# [Assignment]
Could you write out every record below exactly, leaving the pictures out?

========================================

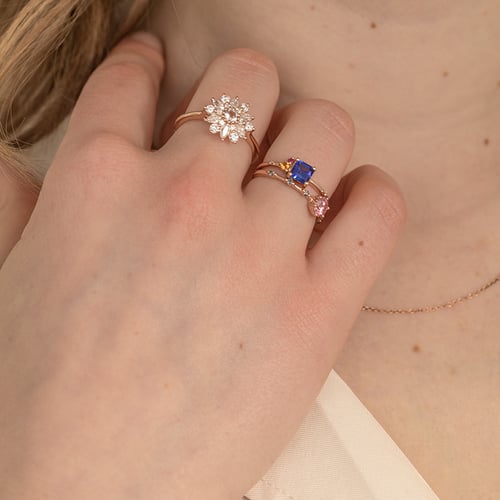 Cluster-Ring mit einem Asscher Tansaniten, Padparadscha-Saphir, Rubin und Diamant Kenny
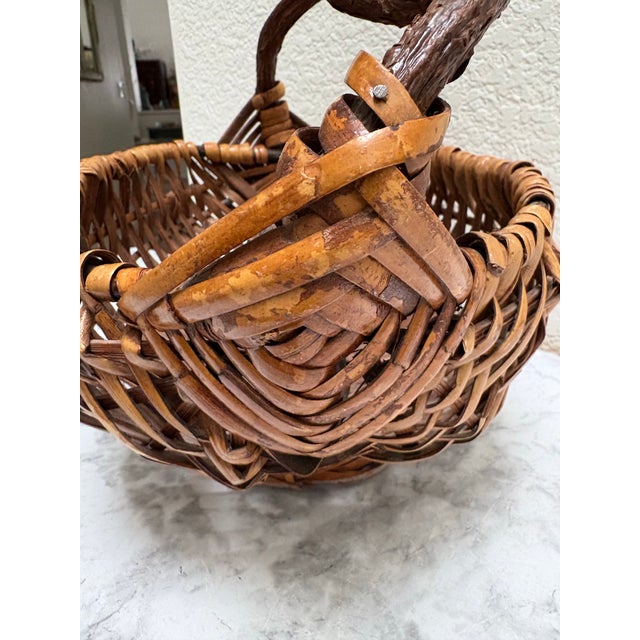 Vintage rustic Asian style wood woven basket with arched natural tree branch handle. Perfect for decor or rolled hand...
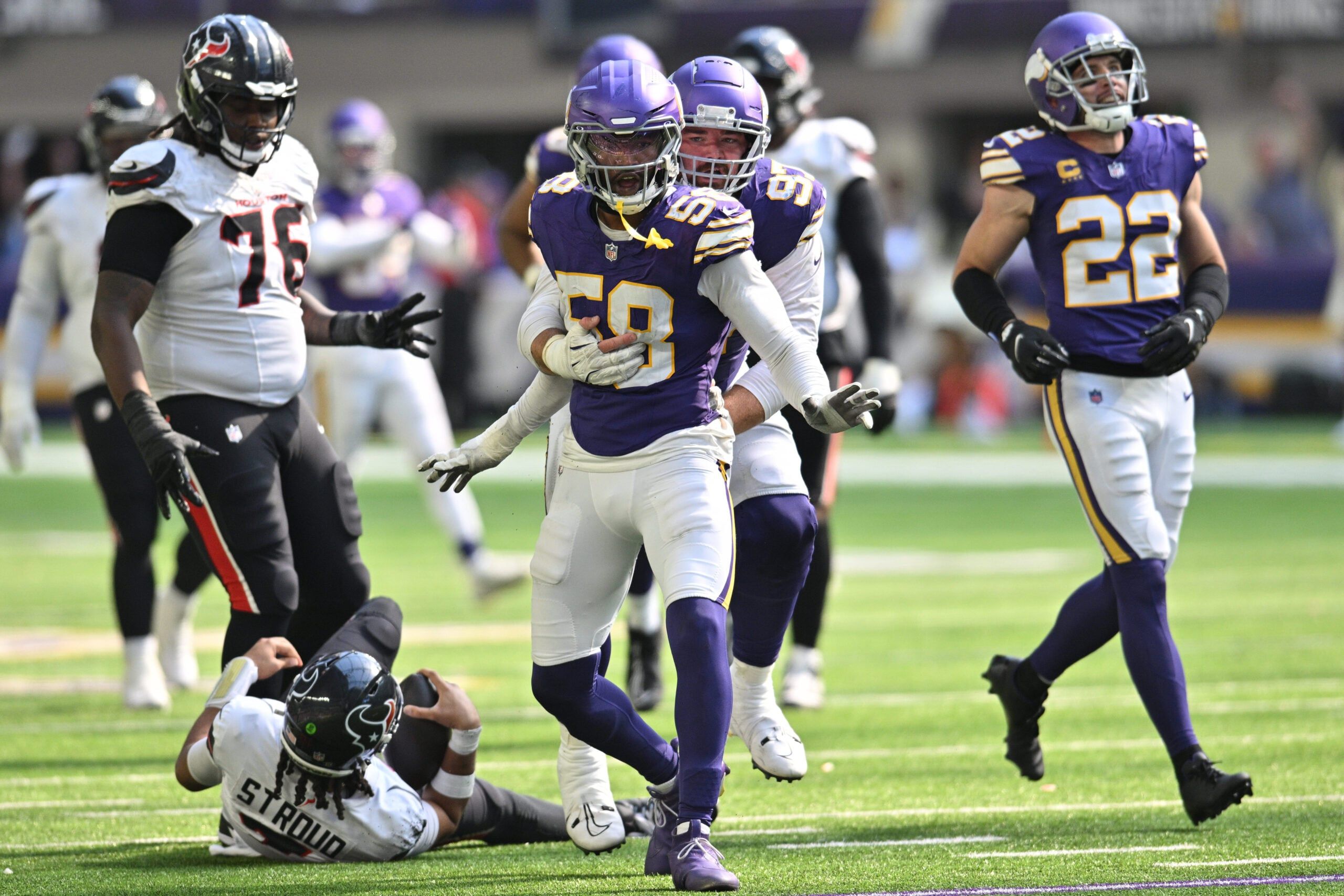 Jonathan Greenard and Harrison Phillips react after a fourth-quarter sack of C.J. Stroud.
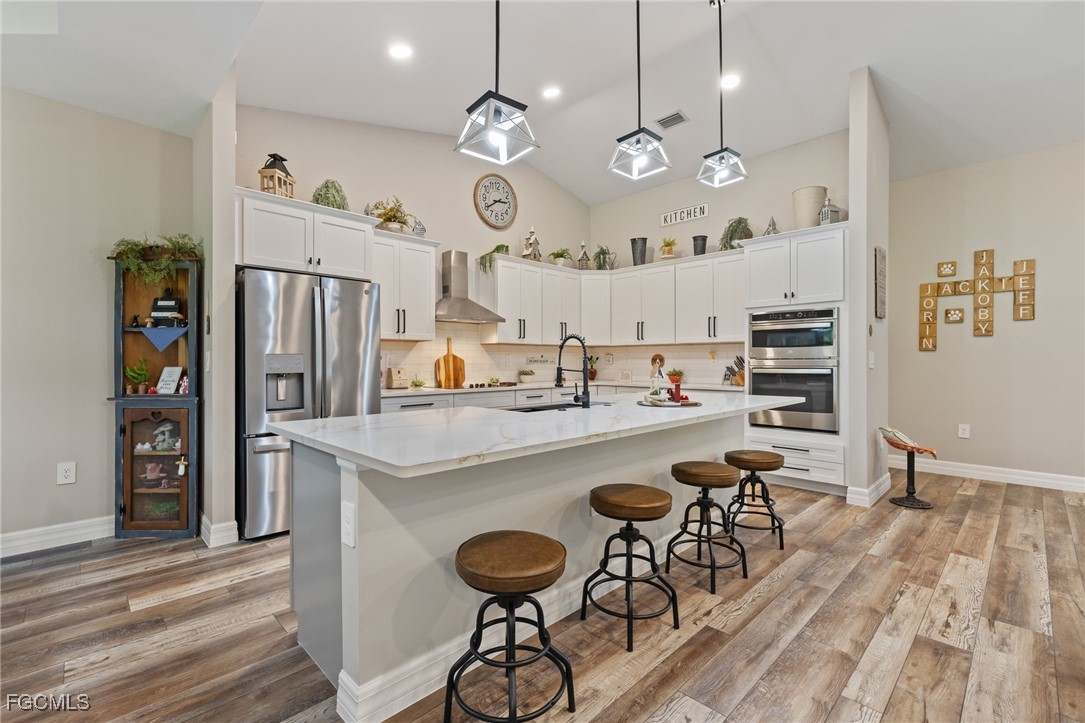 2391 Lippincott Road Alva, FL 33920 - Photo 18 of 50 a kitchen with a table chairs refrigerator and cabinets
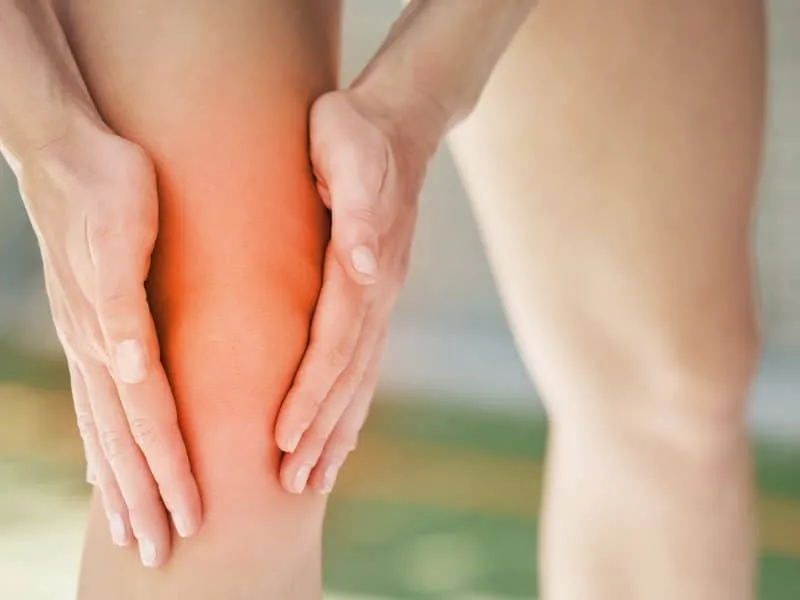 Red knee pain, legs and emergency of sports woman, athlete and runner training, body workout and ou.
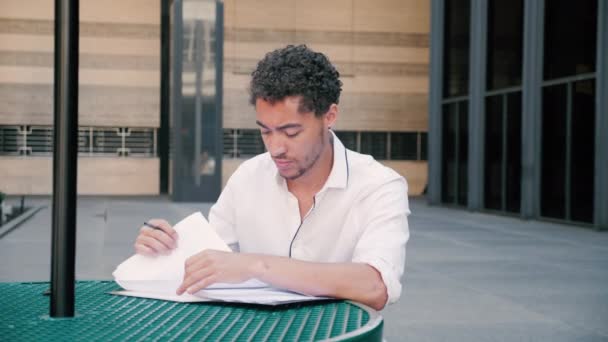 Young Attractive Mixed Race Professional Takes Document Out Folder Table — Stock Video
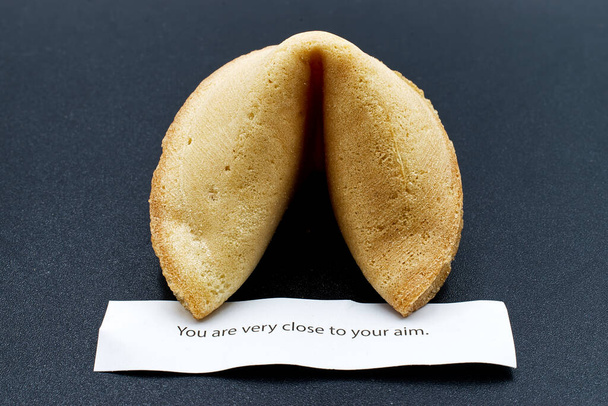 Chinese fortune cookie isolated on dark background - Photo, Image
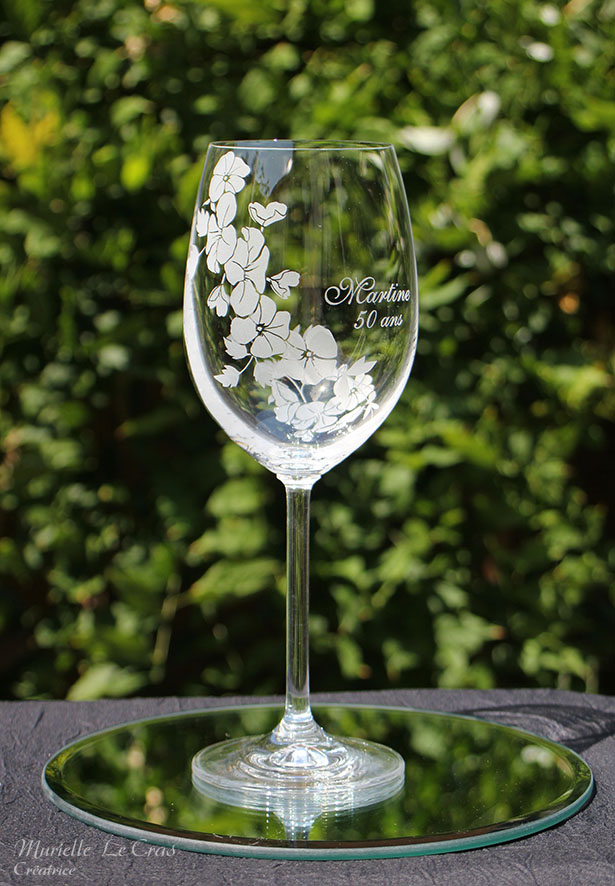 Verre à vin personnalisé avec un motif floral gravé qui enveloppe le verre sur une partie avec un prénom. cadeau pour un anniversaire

========================================

# [Final answer]
 Cluster-Ring mit einem Asscher Tansaniten, Padparadscha-Saphir, Rubin und Diamant Kenny
 Vintage rustic Asian style wood woven basket with arched natural tree branch handle. Perfect for decor or rolled hand...
 Jonathan Greenard and Harrison Phillips react after a fourth-quarter sack of C.J. Stroud.
 2391 Lippincott Road Alva, FL 33920 - Photo 18 of 50 a kitchen with a table chairs refrigerator and cabinets
 Red knee pain, legs and emergency of sports woman, athlete and runner training, body workout and ou.
 Young Attractive Mixed Race Professional Takes Document Out Folder Table — Stock Video
 Chinese fortune cookie isolated on dark background - Photo, Image
 Verre à vin personnalisé avec un motif floral gravé qui enveloppe le verre sur une partie avec un prénom. cadeau pour un anniversaire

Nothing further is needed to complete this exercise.